Amazon has introduced the Nova Act, an advanced AI model designed for smarter agents that can perform tasks within a web browser.
Large-scale language models have popularized the concept of “agent” as a tool to answer queries or retrieve information via methods such as searched generation (RAG), but Amazon expects something more robust. The company defines agents as not only responders, but also as entities capable of performing tangible multi-step tasks in a variety of digital and physical environments.
“Our dream is for agents to perform a wide range of complex, multi-step tasks, such as organizing weddings and manipulating complex IT tasks to increase business productivity,” says Amazon.

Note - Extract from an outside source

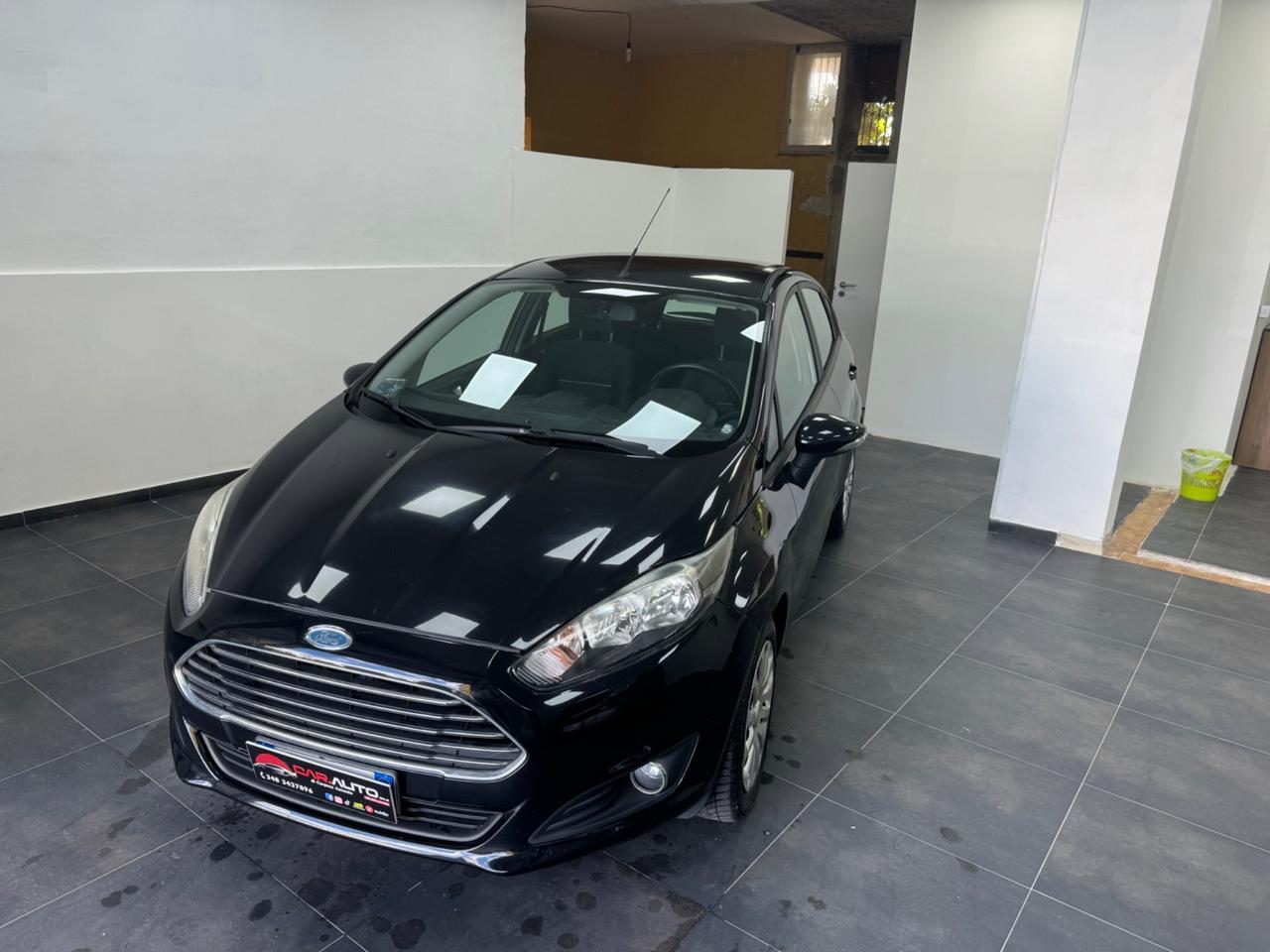 Ford Fiesta 1.5 TDCi 75CV 5 porte Titanium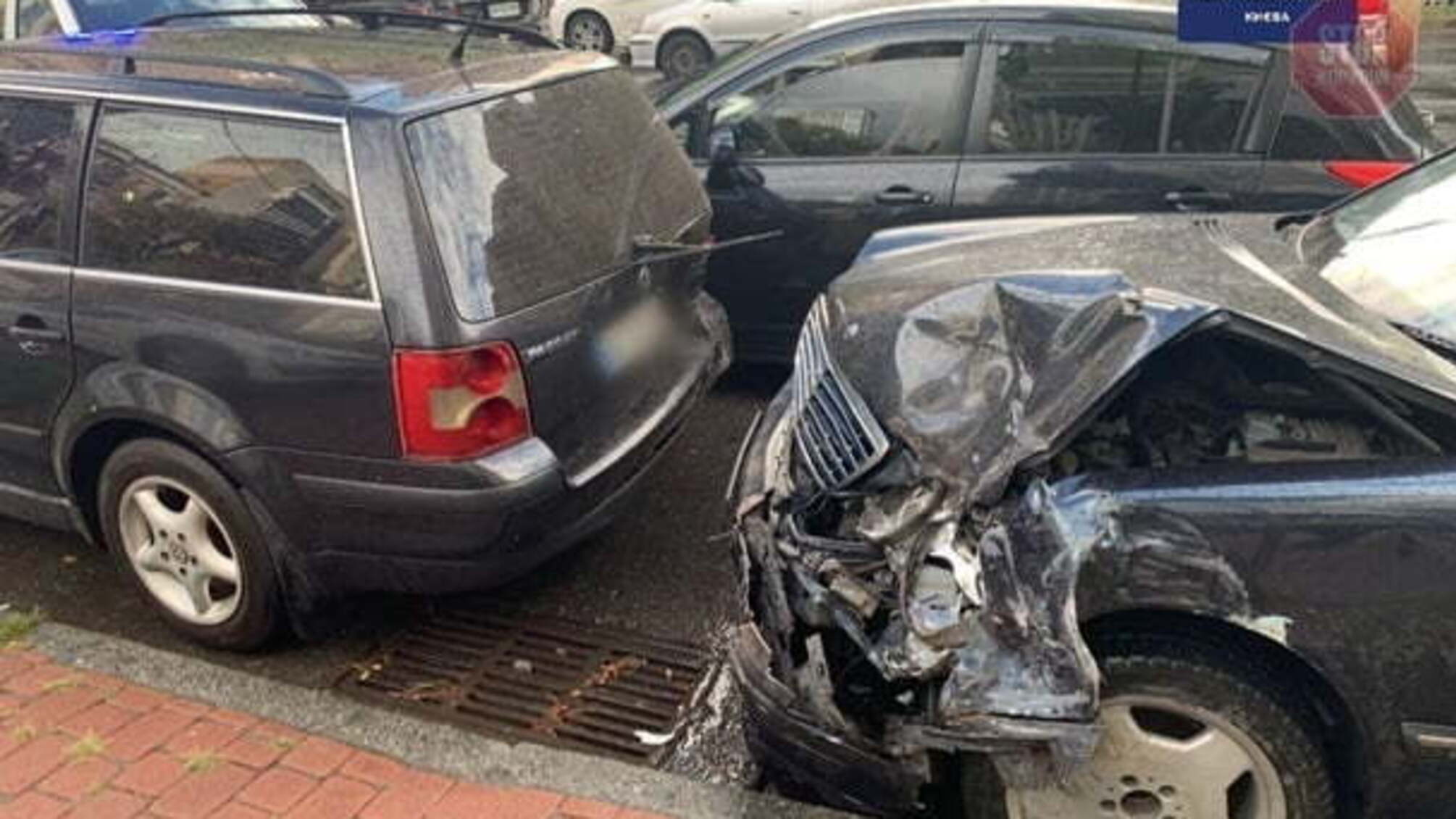 У столиці водій розбив п'ять авто, тікаючи від поліції (фото)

The current market offering is often under-reaching, with many agents requiring ongoing human oversight, and its capabilities rely on comprehensive API integration. It is not feasible for all tasks. The Nova Act is Amazon’s answer to these restrictions.
In addition to the models, Amazon has released an investigation preview for the Amazon Nova Act SDK. Using the SDK, developers can create agents that can automate web tasks, such as sending out out-of-office notifications, scheduling calendar holds, and enabling automatic email replies.
The SDK aims to break down complex workflows into trusted “atomic commands” such as searching, checking out, interacting with specific interface elements such as dropdowns and popups. You can add detailed instructions to improve these commands so that developers can instruct agents to bypass insurance upsells during checkout.
To further improve accuracy, the SDK supports browser operations via Playwright, API Calls, Python integration, and parallel threads to overcome web page load latency.
Nova Act: Exceptional performance in benchmarks
Unlike other generative models that show intermediate accuracy for complex tasks, Nova Act prioritizes reliability. Amazon usually highlights an impressive score from over 90% of models on internal ratings for certain features that challenge their competitors.
The Nova Act achieved a near perfect 0.939 with the Screenspot Web Text Benchmark, which measures natural language instructions for text-based interactions such as adjusting the Font size. Competing models such as Claude 3.7 Sonnet (0.900) and Openai’s CUA (0.883) are tracked backwards with large margins.
Similarly, the Nova Act scored 0.879 in the Screenspot Web Icon Benchmark. This tests interaction with visual elements such as rating stars and icons. Designed to assess AI proficiency in navigating various user interface elements, the GroundUI web test shows a competitor with a slight run by NOVA ACT, but Amazon sees this as a ripe area of improvement as the model evolves.
Amazon emphasizes its focus on providing practical reliability. Once an agent built using the Nova Act works as expected, developers can deploy it primarily, integrate it as an API, or schedule tasks to run asynchronously. In one proven use case, the agent automatically orders a salad for delivery every Tuesday evening without the need for ongoing user intervention.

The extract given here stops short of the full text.